K80 bandwidth test

Hello

Tesla k80 bandwidth is expected to be around 280gb/s per gpu, however, for me bandwidth test from cuda samples shows only 160gb/s. What can be the problem ? How much bandwidth does it show for you (plz post if you are k80 owner).

Thanks and Regards,

Sergey.

The spec for K80 is 240GB/s per GPU:

http://www.nvidia.com/object/tesla-servers.html

That is a theoretical maximum number computed by multiplying the memory bus width by the max clock rate:

2505MHz * 2 (DDR) * 384 bits / 8bits per byte = 240GB/s

To get the full available bandwidth measurement from K80, boost clocks must be enabled, and ECC should be turned off.

boost clocks:

http://international.download.nvidia.com/tesla/pdf/gpu-boost-tesla-k40-app-note.pdf

ECC state (and clocks) can be observed and modified with the nvidia-smi tool

And after all that, the best you will observe is typically about 80-90% of theoretical maximum, due to various other overheads. (Other codes may give a slightly higher measurement. Jimmy Pettersson’s reduction code gets mentioned frequently on this forum as a peak memory bandwidth test. - you can google for that if interested.)

On our linux cluster, when I run bandwidthTest in the default mode, I get about 140GB/s. When I enable the higher applications clocks, I get around 170GB/s:

$ nvidia-smi -ac 2505,875
Applications clocks set to "(MEM 2505, SM 875)" for GPU 0000:84:00.0
Applications clocks set to "(MEM 2505, SM 875)" for GPU 0000:85:00.0
Applications clocks set to "(MEM 2505, SM 875)" for GPU 0000:8A:00.0
Applications clocks set to "(MEM 2505, SM 875)" for GPU 0000:8B:00.0
All done.
$ /shared/apps/cuda/CUDA-v7.0.28/samples/bin/x86_64/linux/release/bandwidthTest
[CUDA Bandwidth Test] - Starting...
Running on...

 Device 0: Tesla K80
 Quick Mode

 Host to Device Bandwidth, 1 Device(s)
 PINNED Memory Transfers
   Transfer Size (Bytes)        Bandwidth(MB/s)
   33554432                     10292.6

 Device to Host Bandwidth, 1 Device(s)
 PINNED Memory Transfers
   Transfer Size (Bytes)        Bandwidth(MB/s)
   33554432                     10547.3

 Device to Device Bandwidth, 1 Device(s)
 PINNED Memory Transfers
   Transfer Size (Bytes)        Bandwidth(MB/s)
   33554432                     170149.1

Result = PASS

NOTE: The CUDA Samples are not meant for performance measurements. Results may vary when GPU Boost is enabled.

To get closer to 200GB/s, you need to disable ECC (I can’t do that on our cluster).

You may want to set persistence mode on the GPUs to get the best numbers as well.

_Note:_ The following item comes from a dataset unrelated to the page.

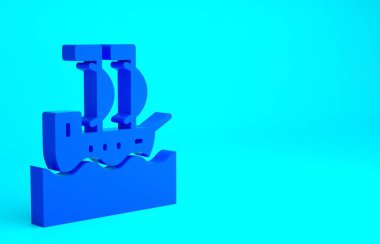 Mavi yelkenli ya da yelkenli ikonu mavi arka planda izole edilmiş. Yelkenli deniz seyahati. Minimalizm kavramı. 3d illüstrasyon 3B canlandırma.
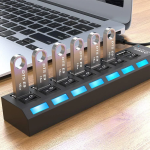 Usb Splitter Multi Port Usb 2 0 Hub 7 Port with Independent on Off Switch and Led Indicators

As a rule of thumb, with ECC enabled available effective bandwidth is about 75% of the theoretical maximum, and with ECC disabled you can probably get close to 85%. The reason for the lower throughput with ECC enabled is that the ECC information needs to be sent in the same channels as the regular data (“in-band”, so to speak), while with CPUs there is usually dedicated channel for the ECC data.

In order to maximize the memory throughput will need to use the widest loads and stores available, which are 128-bit accesses, e.g. double2, float4, uint4, although the throughput using 64-bit accesses is typically only a few percent lower. Memory throughput really starts to suffer dramatically for accesses whose width is < 32 bit.

As with most memory throughput scenarios, the size of the transfer also has some influence on the results, as larger transfers can achieve throughput closer to peak. The block size used by the bandwidthTest app seems to be 32 MB, which should be sufficient for full throughput.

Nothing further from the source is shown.